新しい提案に対して、ADAOのリンダ・レインステインは次のように述べた。

「EPAが提案したクリソタイルアスベストに関する制限は、毎年4万人のアメリカ人の命を奪っている物質への曝露を根絶するための強力な一歩である。私たちは、実証済みのノンアスベスト技術が利用可能になってから数十年間、無責任にもそれを採用することを怠ってきたクロルアルカリ産業によるクリソタイルアスベストの危険な使用に終止符を打つことを強く支持する。」

「クロルアルカリ製造業者らは、当局との会合のなかで、アスベスト輸入・使用のいかなる制限にも反対してきた。アスベストへの曝露に安全なレベルはなく、公衆衛生よりも自らの利益を優先する業界に抜け道を認めることは、弁解の余地もないだろう。業界の反対は、規制案を弱体化させ、それを何年も遅らせる訴訟にしばりつけて、アスベスト輸入を継続させるおそれがある。」

「これらの障害は、6種類すべてのアスベストを禁止する包括的なアスベスト禁止を連邦議会が成立させた場合にのみ、アスベストの輸入及び使用を確実に止めることができることを強調するものである。連邦議会はアラン・レインステイン・今こそアスベスト禁止法(ARBAN)制定に向けて作業を続けており、連邦議会によるARBANの可決がこれまで以上に緊急に必要である。」

EPAの規則案は、クリソタイルアスベストに限定されており、他の5種類のアスベスト-クロシドライト、アモサイト、アンソフィライト、トレモライト、アクチノライト-を対象にしていない。EPAが有する他の規制メカニズムは、明確かつ包括的な禁止に代わるものではなく、また、こうした有害製品がアメリカ人に害を与えないことを確実にすることはできないだろう。

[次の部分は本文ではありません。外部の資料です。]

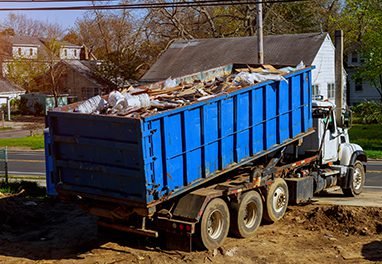 Recycling container trash dumpsters being full with garbage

ADAOの顧問であるボブ・サスマン氏は、「立法は知られている6種類すべてのアスベストを禁止するだろう」と語った。「立法なしには、クリソタイルと同じような致死的性質をもつアスベスト繊維への現在及び将来の曝露が継続するだろう。連邦議会はいますぐ、6種類すべてのアスベスト繊維を禁止することによって、この曝露を止めることができる」。

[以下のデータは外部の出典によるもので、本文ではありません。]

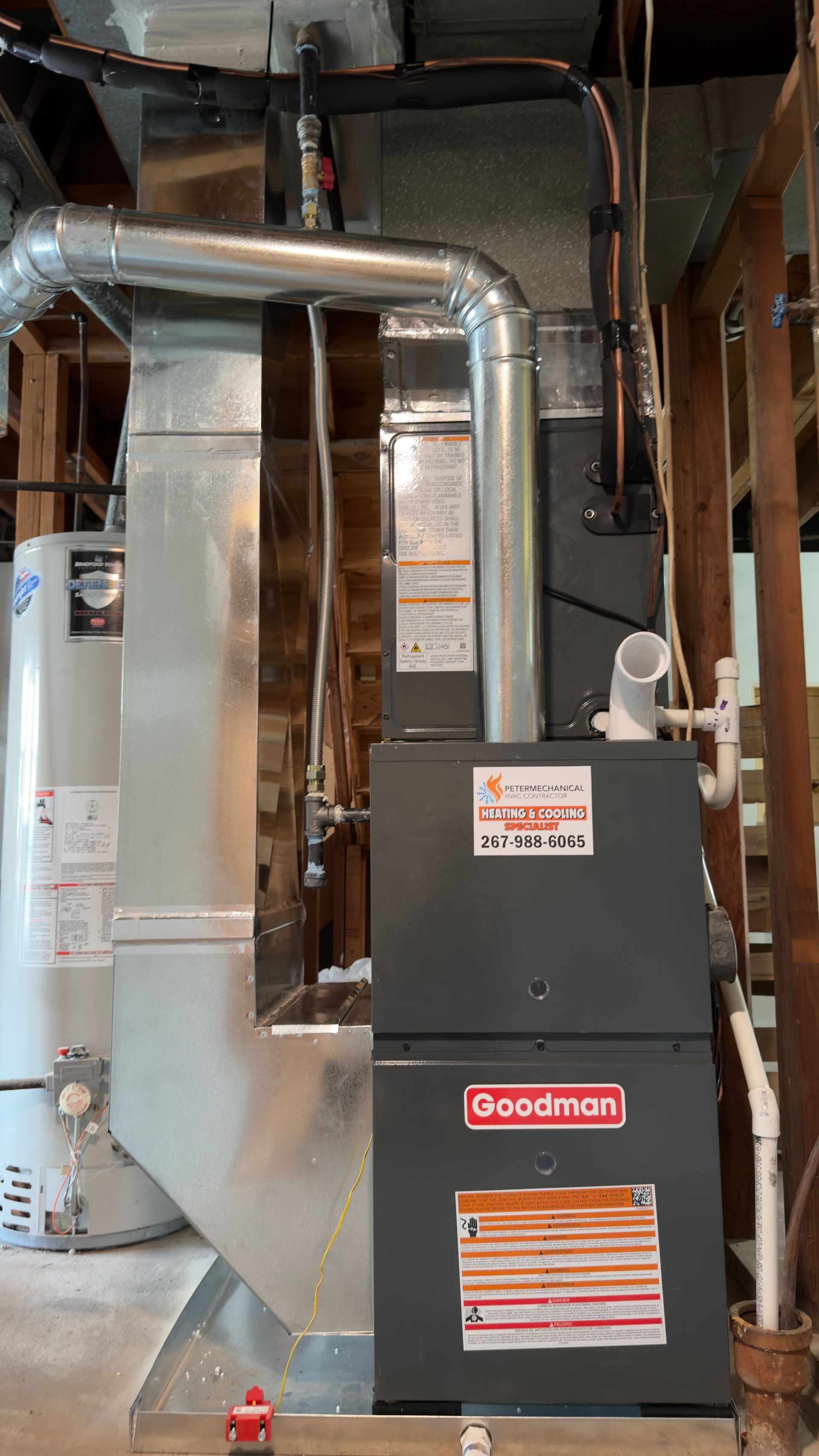 Silver HVAC ductwork and a Goodman furnace in a utility room with exposed framing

吸入すると、微細なアスベスト繊維が肺に溜まり、肺の組織を刺激する可能性がある。曝露は、石綿肺、胸膜疾患、肺がん、中皮腫、口頭・卵巣・その他のがんなど、(がんを引き起こす)悪性及び(がんを引き起こさない)非悪性の疾病を引き起こす可能性がある。すべての種類のアスベストと咽頭・胃・結腸直腸のがんとの関連性も観察されている。1991年から2021年に、100万人以上のアメリカ人が、予防することが可能なアスベストによる疾病によって亡くなっている。

USGS[連邦地質調査所]は、2020年に、クロルアルカリ製造業者によって305トンのアスベストが合衆国に輸入され、前年から30%増加したと報告している。2020年版塩素化学部門文書によると、オリン[Olin]・コーポレーションとオクシデンタル・ケミカル・コーポレーション(OxyChem)は、アラバマ、アーカンソー、カンザス、ルイジアナ、ニューヨーク、テキサスに、塩素と苛性ソーダの生産で使用される隔膜の製造にクリソタイルアスベストを使用している10の工場をもっている。